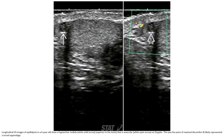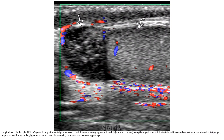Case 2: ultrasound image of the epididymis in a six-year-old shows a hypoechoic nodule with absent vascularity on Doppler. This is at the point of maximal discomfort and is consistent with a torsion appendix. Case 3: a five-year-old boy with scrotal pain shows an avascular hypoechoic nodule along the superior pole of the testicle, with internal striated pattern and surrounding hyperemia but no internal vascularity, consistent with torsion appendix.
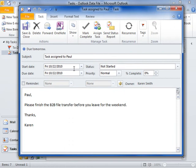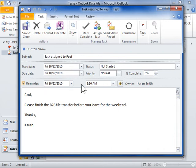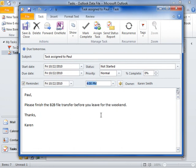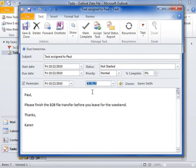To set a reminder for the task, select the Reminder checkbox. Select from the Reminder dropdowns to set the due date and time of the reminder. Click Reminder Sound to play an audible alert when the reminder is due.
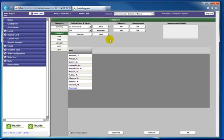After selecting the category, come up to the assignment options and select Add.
=-=-=
From the line that contains "To set a reminder" to the last line of the data above, inclusive, transcribe every line exactly and only those lines, omitting pictures.

### SOLVED EXERCISE
To set a reminder for the task, select the Reminder checkbox. Select from the Reminder dropdowns to set the due date and time of the reminder. Click Reminder Sound to play an audible alert when the reminder is due.
After selecting the category, come up to the assignment options and select Add.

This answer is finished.